Exercise details: Return the listing exactly as it appears, but strip out the images.

Supplied material:

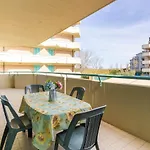 Appartamento Sea Garden - Myho Casa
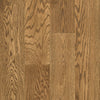 Hardwood Celebrate Nature  EKHB75L55W HYDROBLOCK 6-1/2"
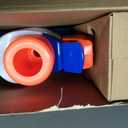Nerf N Series Infinite Dart Blaster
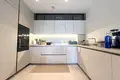 Appartement 5 chambres 335 m² Malaga, Espagne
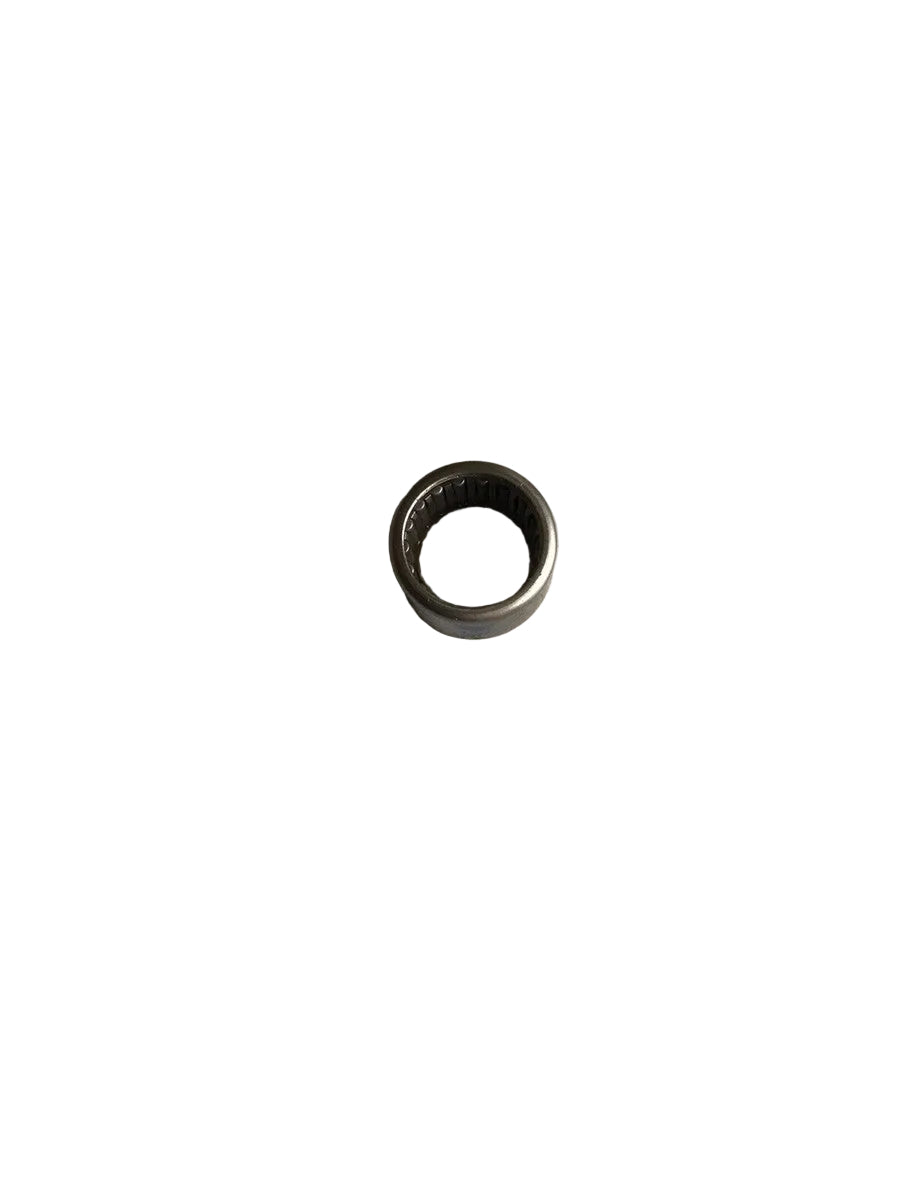 9529 003 4681 – STIHL Needle Bushing (Genuine OEM Part)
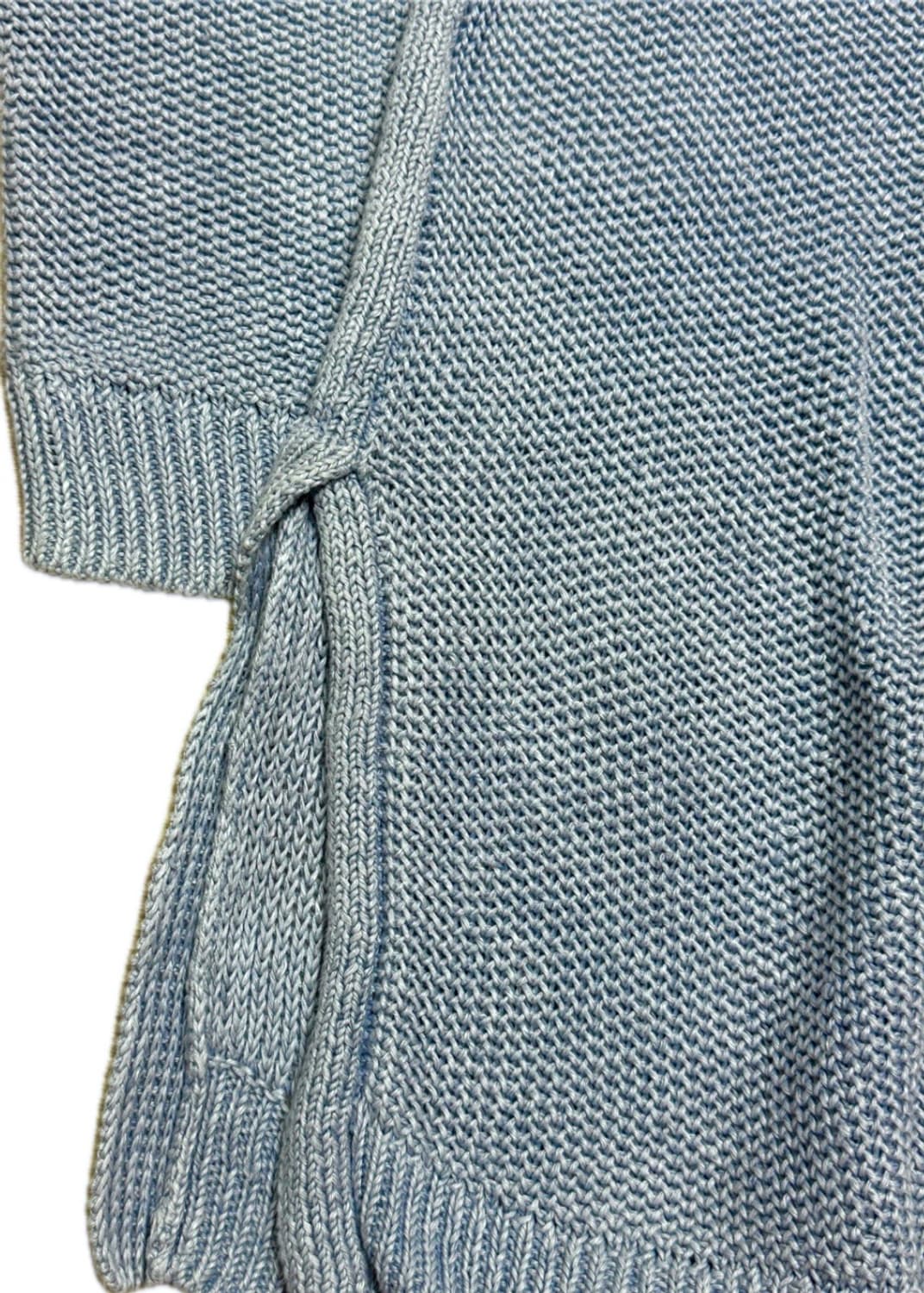 폴로 랄프로렌 니트 상품이미지4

Task response:
 Appartamento Sea Garden - Myho Casa
 Hardwood Celebrate Nature  EKHB75L55W HYDROBLOCK 6-1/2"
Nerf N Series Infinite Dart Blaster
 Appartement 5 chambres 335 m² Malaga, Espagne
 9529 003 4681 – STIHL Needle Bushing (Genuine OEM Part)
 폴로 랄프로렌 니트 상품이미지4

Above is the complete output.